Step 2 — Run with atlas snap (optional but recommended for multi-sample)¶
When you have two datasets, the same PAS may be called at slightly different coordinates in each BAM. The atlas key resolves this by snapping every called coordinate to the nearest entry in a reference poly(A) site database.
# Add to multi_run.yaml
atlas: /refs/polyasite_2.0_GRCh38_sorted.bed
atlas_distance: 50 # maximum snap distance in bp (default 50)

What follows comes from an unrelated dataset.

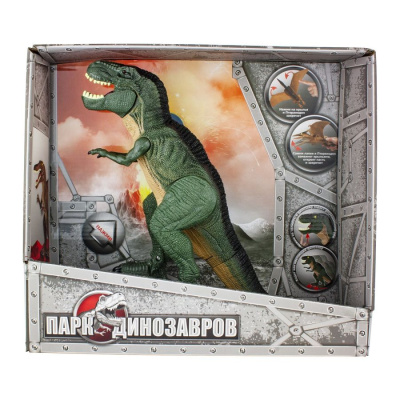 1toy интерактивный динозавр Тираннозавр Рекс, свет и звук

Download the PolyASite 2.0 human atlas from polyasite.unibas.ch and sort it with bedtools sort. With the atlas enabled, the pipeline:
- Calls PAS per dataset independently.
- For each called PAS, finds the nearest atlas entry within
atlas_distancebp. - Replaces the called coordinate with the atlas coordinate, producing a unified coordinate space.
- Writes
unified/atlas_mapping.tsvso you can trace which called PAS became which atlas PAS.
Without the atlas, coordinates are merged by proximity (gap controlled by pas_gap), but subtle inter-sample differences in peak summits remain.

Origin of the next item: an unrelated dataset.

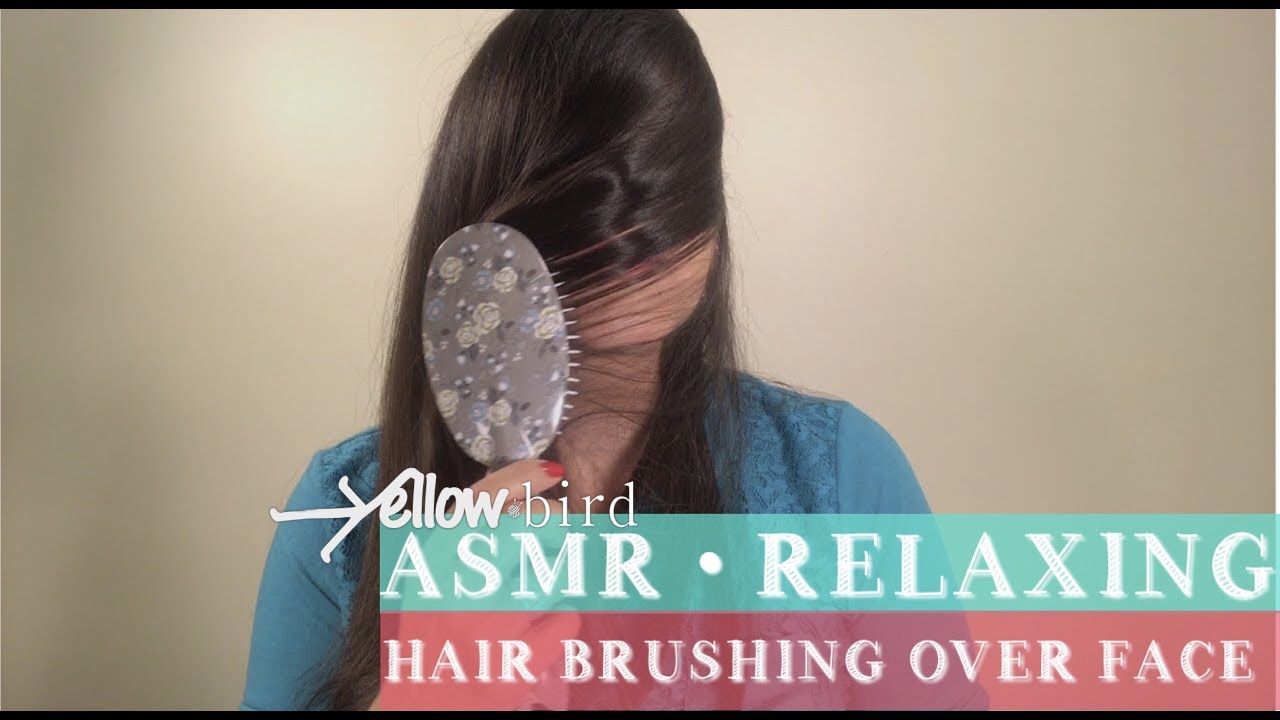 ASMR • RELAXING Hair Brushing Over Face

Step 3 — Run the pipeline¶
The multi-sample path runs each dataset through its own downstream pipeline (annotation, matrix filtering, preprocessing, clustering) in parallel worker processes. Progress is reported per dataset.
Output layout for two datasets:
peakatail_runs/emaout_<timestamp>/
peakcalling/
control_0.pos.bed
control_0.neg.bed
treated_0.pos.bed
treated_0.neg.bed
...
unified/
atlas_snapped.bed # unified coordinate set (when --atlas is set)

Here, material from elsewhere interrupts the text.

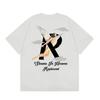 Mens Oversized Vintage Washed Cotton T-Shirt With Cartoon Animal Print Streetwear Loose Fit Short Sleeve Tee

atlas_mapping.tsv # called PAS -> atlas PAS mapping
concatenated.mtx # joint count matrix
concatenated_cbs.tsv # joint cell barcode list (prefixed with dataset id)
per_dataset/
control/
pasbed.bed
clusters.h5ad
...
treated/
pasbed.bed
clusters.h5ad
...
cross_dataset/
canonical_cluster_map.tsv # cluster correspondence across datasets
Step 4 — Run cross-dataset cluster matching¶
After clustering, cluster labels are independent integers within each dataset. Cluster 0 in control may correspond to cluster 3 in treated. ema switch match aligns them using marker PAS overlap:
uv run ema switch match \
--h5ad peakatail_runs/emaout_<timestamp>/per_dataset/control/clusters.h5ad \
--h5ad peakatail_runs/emaout_<timestamp>/per_dataset/treated/clusters.h5ad \
--strategy marker_overlap \
--n-top-markers 50
The marker_overlap strategy:
- For each dataset independently, ranks PAS by their Wilcoxon score within each cluster (top 50 per cluster).
- For each pair of clusters across datasets, computes Jaccard similarity of their marker PAS sets.
- Assigns a canonical cluster label to the cluster pair with the highest Jaccard score.
Output: cross_dataset/canonical_cluster_map.tsv with columns dataset_id, cluster_label, and canonical_cluster. Use this table to group clusters for differential testing:
# Test control cluster 0 (= canonical cluster A) vs treated cluster 3 (= canonical cluster A)
uv run ema switch diff \
--h5ad .../per_dataset/control/clusters.h5ad \
--h5ad .../per_dataset/treated/clusters.h5ad \
--cluster-pairs "0,3" \
--strategy fisher
Atlas snap is strongly recommended for multi-sample differential testing
Without atlas coordinates, a PAS at chr1:22639574 in control and chr1:22639571 in treated is treated as two separate PAS. With atlas snap both resolve to the same database entry and are directly comparable.